Problems welding thin wallthickness pipe 1

[alomejorfofi]

Hi,
I am selecting the specification of a pipe system for cooling a nuclear experiment. The material you selected by the characteristics of Fluids is stainless steel A312 Gr 316L TP for various diameters.
Several colleagues with experience on the site, have warned me that buttwelding pipe with 'large' diameters (18 ", 10") with thin thickness (sch-10s) can cause technical problems, and many headaches.
I have to decide between lower costs of supply and erection, but possible technical problems when welding.
I would like to know what you think people with experience in welding.
thanks in advance

 

[metengr]

Several colleagues with experience on the site, have warned me that buttwelding pipe with 'large' diameters (18 ", 10") with thin thickness (sch-10s) can cause technical problems, and many headaches.

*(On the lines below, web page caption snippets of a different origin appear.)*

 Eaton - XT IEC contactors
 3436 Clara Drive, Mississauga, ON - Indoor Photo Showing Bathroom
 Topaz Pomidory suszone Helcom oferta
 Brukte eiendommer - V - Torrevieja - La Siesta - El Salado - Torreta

Warpage will be an issue. I would suggest using the GTAW process and keep the interpass temperature less than 325 deg F. Watch your start and stops.

 

[chicopee]

Brazing may be a better option.

 

[Duwe6]

Pulsed GMAW is the other good choice for Nuke grade welds.

 

[EdStainless]

Alignment is the biggest problem with these large sizes in light wall. A good system for clamping the pieces to hold them straight is important. They will distort during welding. You have to let them move some.
We see a lot of people use sch40 in places where sch5 will meet the design just because they don't want to do the work.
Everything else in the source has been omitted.